На следующий день ездили мы любоваться жилищем нового Робинзона. На берегу встретило нас потомство товарищей бедствия наших отшельников, – огромное стадо свиней, не кормленных целые сутки, окружило нас и всюду преследовало. Дом из обшивных кабельных досок, с крылечком, крытый парусиной, с надписью Charles Wittrien’s Premises [усадьба Чарлза Виттрина] был резиденцией хозяев. Стол, две койки, сундук, у которого крышка красного дерева была полой капитанского стола, ружье, Библия, том Британской энциклопедии, несколько китоловных орудий и две картинки составляли убранство этого единственного на Бонинских островах человеческого жилища. К нему примыкал хлев, крытый медью, в стороне кладовая, несколько далее вмазанные в печь два котла, служившие солеварней, у берега две лодки из дюймовых досок, обшитые медью, – везде смесь недостатка с роскошью, везде следы изобретательности, к которой приводит человека нужда.

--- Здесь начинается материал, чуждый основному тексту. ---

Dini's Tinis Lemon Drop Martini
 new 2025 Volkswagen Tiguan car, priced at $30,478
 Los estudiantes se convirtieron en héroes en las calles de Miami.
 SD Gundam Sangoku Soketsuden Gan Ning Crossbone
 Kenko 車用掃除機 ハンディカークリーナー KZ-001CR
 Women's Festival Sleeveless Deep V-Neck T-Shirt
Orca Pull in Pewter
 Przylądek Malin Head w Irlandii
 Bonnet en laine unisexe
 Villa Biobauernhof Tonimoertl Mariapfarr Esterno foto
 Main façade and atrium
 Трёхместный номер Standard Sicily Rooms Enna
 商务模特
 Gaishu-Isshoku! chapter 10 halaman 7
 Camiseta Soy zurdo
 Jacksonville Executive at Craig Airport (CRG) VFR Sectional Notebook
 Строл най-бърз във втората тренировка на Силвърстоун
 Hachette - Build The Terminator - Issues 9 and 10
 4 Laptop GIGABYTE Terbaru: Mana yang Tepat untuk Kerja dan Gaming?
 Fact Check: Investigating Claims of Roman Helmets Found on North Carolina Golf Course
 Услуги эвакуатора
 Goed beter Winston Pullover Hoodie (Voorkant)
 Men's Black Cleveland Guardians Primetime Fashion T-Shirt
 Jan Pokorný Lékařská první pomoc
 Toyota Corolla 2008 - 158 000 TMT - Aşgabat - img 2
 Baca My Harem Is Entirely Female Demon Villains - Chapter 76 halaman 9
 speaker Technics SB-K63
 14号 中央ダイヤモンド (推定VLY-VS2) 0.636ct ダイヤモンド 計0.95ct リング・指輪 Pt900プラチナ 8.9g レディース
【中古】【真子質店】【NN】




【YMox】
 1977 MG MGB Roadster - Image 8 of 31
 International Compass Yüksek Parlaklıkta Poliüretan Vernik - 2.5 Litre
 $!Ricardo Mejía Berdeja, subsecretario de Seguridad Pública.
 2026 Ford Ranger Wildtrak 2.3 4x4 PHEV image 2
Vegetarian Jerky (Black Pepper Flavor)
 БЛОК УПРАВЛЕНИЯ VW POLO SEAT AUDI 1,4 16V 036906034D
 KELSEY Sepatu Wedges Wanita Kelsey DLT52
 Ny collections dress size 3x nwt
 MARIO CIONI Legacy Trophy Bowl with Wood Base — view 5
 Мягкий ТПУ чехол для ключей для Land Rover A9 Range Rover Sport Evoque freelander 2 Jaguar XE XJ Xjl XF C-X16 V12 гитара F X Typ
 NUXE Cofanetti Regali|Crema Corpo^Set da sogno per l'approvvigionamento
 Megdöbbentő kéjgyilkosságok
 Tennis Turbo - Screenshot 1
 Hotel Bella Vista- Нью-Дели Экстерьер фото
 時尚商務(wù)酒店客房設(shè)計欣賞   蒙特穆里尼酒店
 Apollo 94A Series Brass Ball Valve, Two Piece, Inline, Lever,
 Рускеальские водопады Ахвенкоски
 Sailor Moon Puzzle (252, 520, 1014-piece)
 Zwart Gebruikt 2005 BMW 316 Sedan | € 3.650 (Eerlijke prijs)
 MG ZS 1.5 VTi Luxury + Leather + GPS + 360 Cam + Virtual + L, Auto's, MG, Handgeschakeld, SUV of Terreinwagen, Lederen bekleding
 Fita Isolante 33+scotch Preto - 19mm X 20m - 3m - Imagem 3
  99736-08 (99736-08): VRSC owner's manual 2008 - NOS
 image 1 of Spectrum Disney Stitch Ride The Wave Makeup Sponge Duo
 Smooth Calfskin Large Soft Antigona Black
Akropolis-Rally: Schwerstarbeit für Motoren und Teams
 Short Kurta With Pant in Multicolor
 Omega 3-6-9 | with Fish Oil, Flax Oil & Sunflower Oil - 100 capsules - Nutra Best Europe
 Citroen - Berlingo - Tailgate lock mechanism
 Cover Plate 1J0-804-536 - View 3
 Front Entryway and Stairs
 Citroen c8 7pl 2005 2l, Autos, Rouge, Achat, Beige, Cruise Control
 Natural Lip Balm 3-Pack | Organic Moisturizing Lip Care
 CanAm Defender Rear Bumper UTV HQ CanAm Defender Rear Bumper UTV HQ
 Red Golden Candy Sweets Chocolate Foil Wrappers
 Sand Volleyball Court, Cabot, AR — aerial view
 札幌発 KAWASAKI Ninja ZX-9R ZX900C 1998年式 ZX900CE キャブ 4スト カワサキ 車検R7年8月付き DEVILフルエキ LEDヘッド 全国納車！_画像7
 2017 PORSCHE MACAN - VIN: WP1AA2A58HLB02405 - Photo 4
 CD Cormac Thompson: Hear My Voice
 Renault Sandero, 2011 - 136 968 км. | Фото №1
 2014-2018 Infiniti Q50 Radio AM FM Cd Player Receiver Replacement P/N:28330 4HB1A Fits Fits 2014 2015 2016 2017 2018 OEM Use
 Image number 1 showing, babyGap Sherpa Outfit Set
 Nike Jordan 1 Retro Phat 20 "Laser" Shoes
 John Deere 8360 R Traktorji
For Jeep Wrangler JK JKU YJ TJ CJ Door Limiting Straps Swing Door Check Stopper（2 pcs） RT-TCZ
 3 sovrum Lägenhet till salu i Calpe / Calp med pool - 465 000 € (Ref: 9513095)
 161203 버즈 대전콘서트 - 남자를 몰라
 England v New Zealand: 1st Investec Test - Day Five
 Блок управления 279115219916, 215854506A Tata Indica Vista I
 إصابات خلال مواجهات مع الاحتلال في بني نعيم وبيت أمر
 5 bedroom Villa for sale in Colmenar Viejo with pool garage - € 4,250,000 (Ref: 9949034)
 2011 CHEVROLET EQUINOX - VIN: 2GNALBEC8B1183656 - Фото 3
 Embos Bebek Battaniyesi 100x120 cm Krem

Протоптанные от дома в разных направлениях дорожки вели к нескольким беседкам и скамеечкам, устроенным в таких местах, откуда можно было лучше обозревать море и где отшельники просиживали по целым дням в ожидании, не покажется ли какое-нибудь судно, вестник их избавления. Скука и то непобедимое чувство тоски, которое овладевает человеком в отлучении от общества себе подобных, были единственными неприятелями, возмущавшими спокойствие их жизни, которая при тех возможностях, какие они нашли в богатой природе этой земли, в благословенном климате и с тем, что им удалось спасти с корабля, могла бы даже быть приятной. Свиньи, размножившиеся от двух огромных животных, спасшихся вместе с ними, не только обеспечивали их пропитанием, но служили им настоящими собеседниками, вопреки общепринятому мнению, будто животное это не способно привязываться к человеку. Петерсен приучил к себе одного поросенка, совершенно как постельную собачку; он с ним спал и даже иногда плясал. Свиньи ходили обыкновенно на воле, но на знакомый им свист сбегались со всех концов острова к дому.